US 12,361,736 B2
Multi-stage machine learning model training for key-value extraction
Yazhe Hu, Bellevue, WA (US); Jeaff Wang, Sammamish, WA (US); Mengqing Guo, Redmond, WA (US); Tao Sheng, Bellevue, WA (US); and Jun Qian, Bellevue, WA (US)
Filed by Oracle International Corporation, Redwood Shores, CA (US)
Filed on Jan. 4, 2023, as Appl. No. 18/149,795.
Prior Publication US 2024/0221407 A1, Jul. 4, 2024
Int. Cl. G06N 3/08 (2023.01); G06F 40/284 (2020.01); G06F 40/30 (2020.01); G06V 30/14 (2022.01); G06V 30/19 (2022.01)

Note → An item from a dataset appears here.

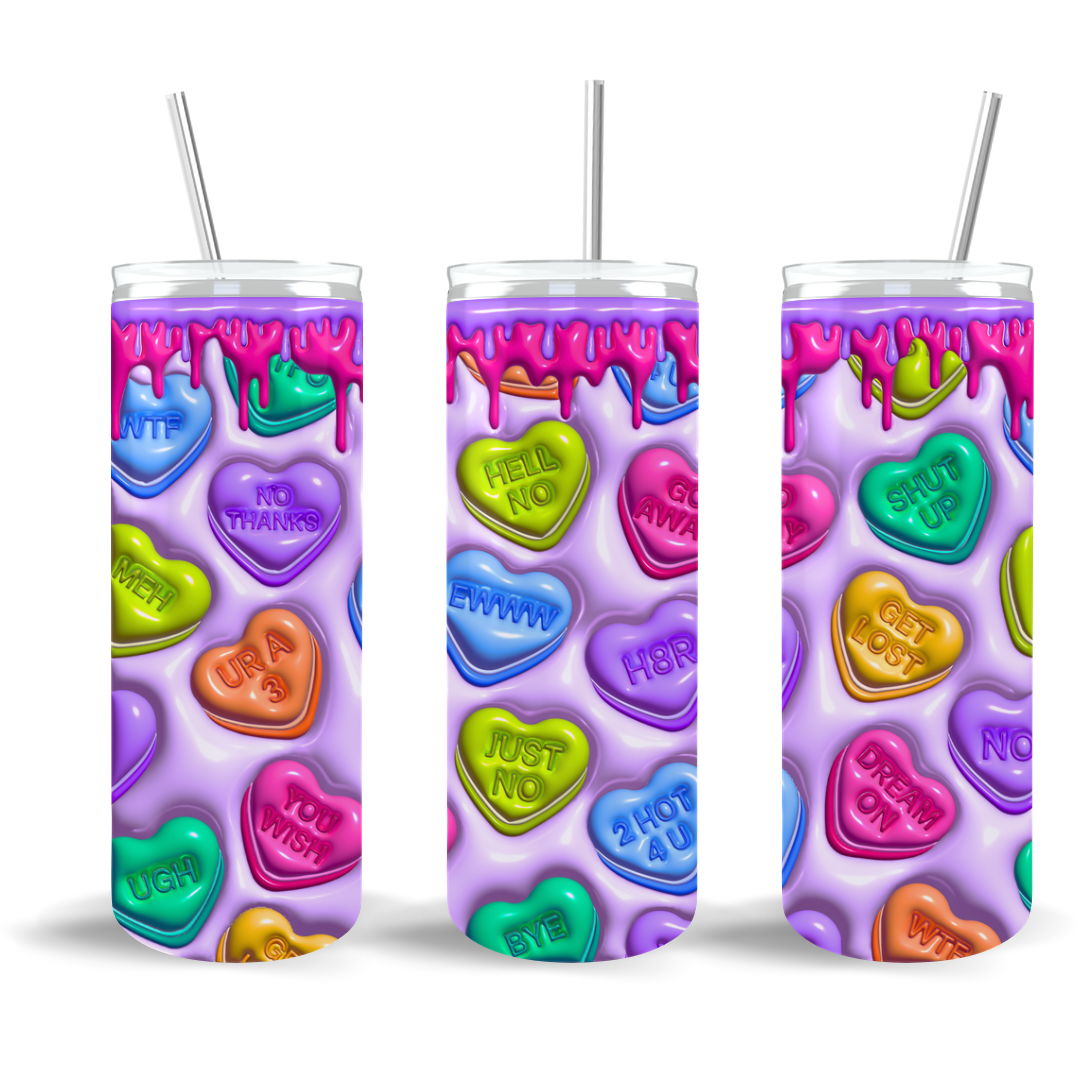 3D Anti-Valentine’s Day Heart Skinny Tumbler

CPC G06V 30/19147 (2022.01) [G06F 40/284 (2020.01); G06F 40/30 (2020.01); G06N 3/08 (2013.01); G06V 30/1448 (2022.01)] 20 Claims
OG exemplary drawing
 
20. A system comprising:
one or more processors; and
memory storing instructions that, when executed by the one or more processors, cause the system to perform operations comprising:
executing a first training stage for training a machine learning model to generate first vectors encoding semantic information, and at least one of positional and visual information, of first textual content within documents at least by:
accessing a first plurality of training documents associated with a plurality of document categories, the first plurality of training documents including first textual information, first positional information, and first visual information;
training the machine learning model using the first plurality of training documents associated with the plurality of document categories to generate the first vectors encoding the semantic information, and the at least one of the positional and the visual information based on the first textual information, and at least one of the first positional information and the first visual information;
wherein the first training stage generates a first set of parameters for application of the machine learning model;
executing a second training stage for customizing the machine learning model to (a) generate second vectors to encode semantic information, and at least one of positional information and visual information of second textual content within documents of a particular document category and (b) extract key-value pairs at least by:
accessing a second plurality of training documents associated with the particular document category, the second plurality of training documents being tagged with key-value pairs and including second textual information, second positional information, and second visual information;
training the machine learning model using the second plurality of training documents associated with the particular document category to identify key-value pairs based at least in part on vector encodings of the second textual content that encode semantic relationships, and at least one of positional and visual relationships, between components of the key-value pairs,
wherein training the machine learning model using the second plurality of training documents results in a trained machine learning model, and
wherein the second training stage fine-tunes the first set of parameters to generate a second set of parameters for application of the machine learning model; and
applying the trained machine learning model with the second set of parameters to a first document of the particular document category to extract a first plurality of key-value pairs from the first document.